Kelly worked as a lawyer for 10 years before even making the huge career change to TV. Kelly practiced law as a corporate litigator at Jones Day for nine years and was an associate in the Chicago office of the law firm Bickel & Brewer LLP. "I started off as a lawyer for almost a decade before I decided I was completely burned out," Kelly told Business Insider at Time magazine's gala, where she was honored. "When choosing a new profession, I just said to myself: 'What can I do that would utilize some of these skills, but that I would enjoy a little more and will also be fun and still intellectually stimulating?' And this was an obvious choice." "So I just called up [Fox News chairmain] Roger Ailes, asked for a job on the air, and he said 'Here ya go,'" Kelly joked. In reality, Kelly had to start from square one. "I cold-called a bunch of people and then Bill Lord of WJLA, the ABC affiliate in Washington, D.C., was the poor sucker who put me on the air when I stunk up the joint, but he gave me my first break," Kelly explains. "I stunk at first, but got better and better, thanks to him. And also thanks to Roger Ailes, who ultimately put me on the air every day, multiple times a day for a couple of years, until I got better." Brit Hume, longtime ABC News correspondent and retired chief White House correspondent, was Kelly's first mentor and the man responsible for getting her audition tape to Ailes in the first place.

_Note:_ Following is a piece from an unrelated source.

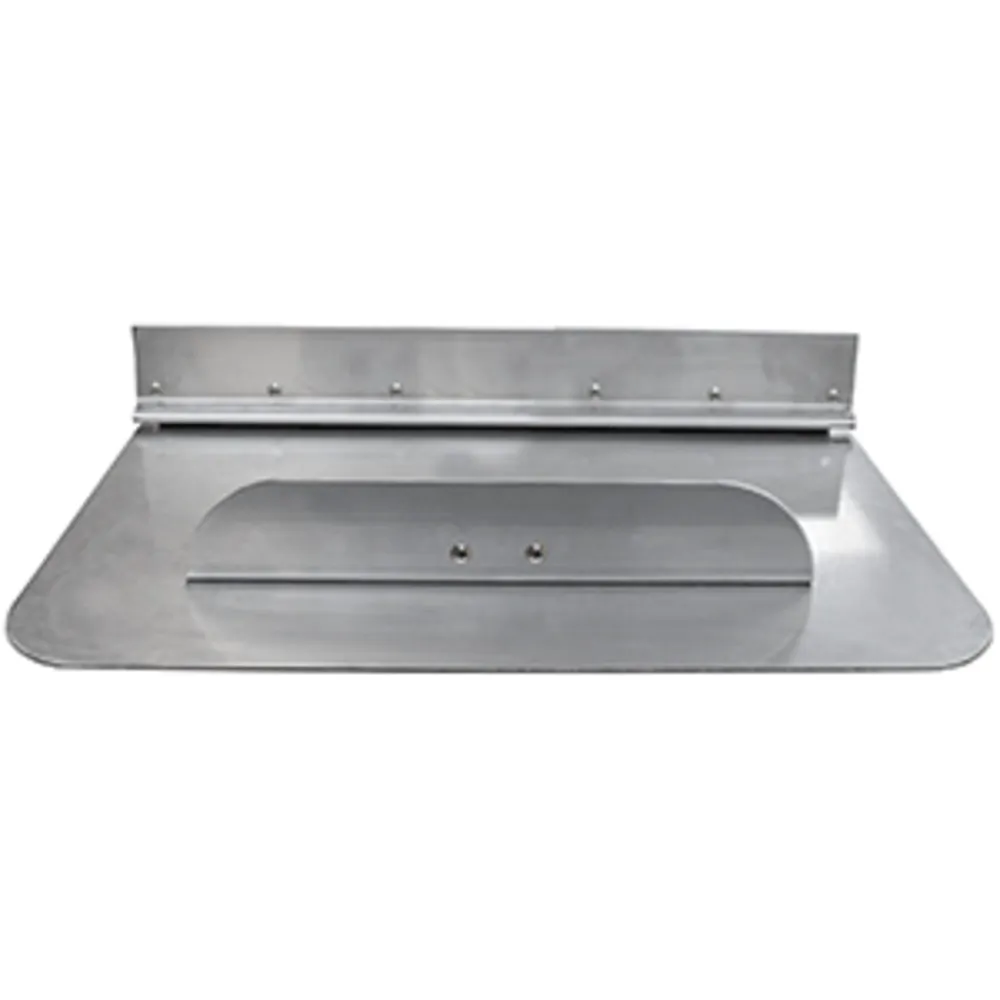 Bennett Trim Tabs-TPA1812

Hume recalled to Time:

Fox NewsFormer ABC News correspondent Brit Hume helped Megyn Kelly get hired at Fox News.

"Ten years ago, my wife Kim, then Fox News' Washington bureau chief, walked into my office carrying a videocassette. 'You have got to see this,' Kim said. It was the audition tape of a local TV reporter then named Megyn Kendall. She was a lawyer and new to the business, but her tape displayed as full a set of the qualities of a network correspondent as I had ever seen: great looks, strong voice, authoritative yet cheerful presence and obvious intelligence. In other words, limitless potential. But there was a problem: we had no openings, which was quickly pointed out to me when I enthused about her during a phone call with Fox News chair Roger Ailes and other executives. 'Please,' I asked Roger, 'just look at the tape.' I suspected he would see what I had seen. He did, and an opening was created. From the start, Megyn gave us insightful Supreme Court coverage, and she was among the first to spot flaws in the false rape charges against the Duke lacrosse players. She was too good to last as a mere correspondent, and she didn't. The rest, as they say, is history." In addition to Brit and Kim Hume, Kelly credits Ailes for helping her become the powerhouse she is today.

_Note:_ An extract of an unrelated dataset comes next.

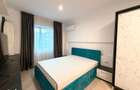 Apartament 2 camere/ Cortina North/ Promenada/ Pipera+ parcare - 4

AP Photo/Jim CooperFox News chairman Roger Ailes has been a huge inspiration on Kelly, she told Business Insider.

"My boss, Roger Ailes, has been a huge inspiration," Kelly told Business Insider. "People who don't like Fox always wonder whether there's been some editorial imprint by Roger, but I can tell you in the 10 years I've been there, that has never been the case. However, he has many times given me advice on how to connect with an audience, how to be my real self, how to tear down the wall between myself and the viewer, and that's helped me." Kelly added: "Television is just like typing - there's no way to get better without doing it a lot, over and over."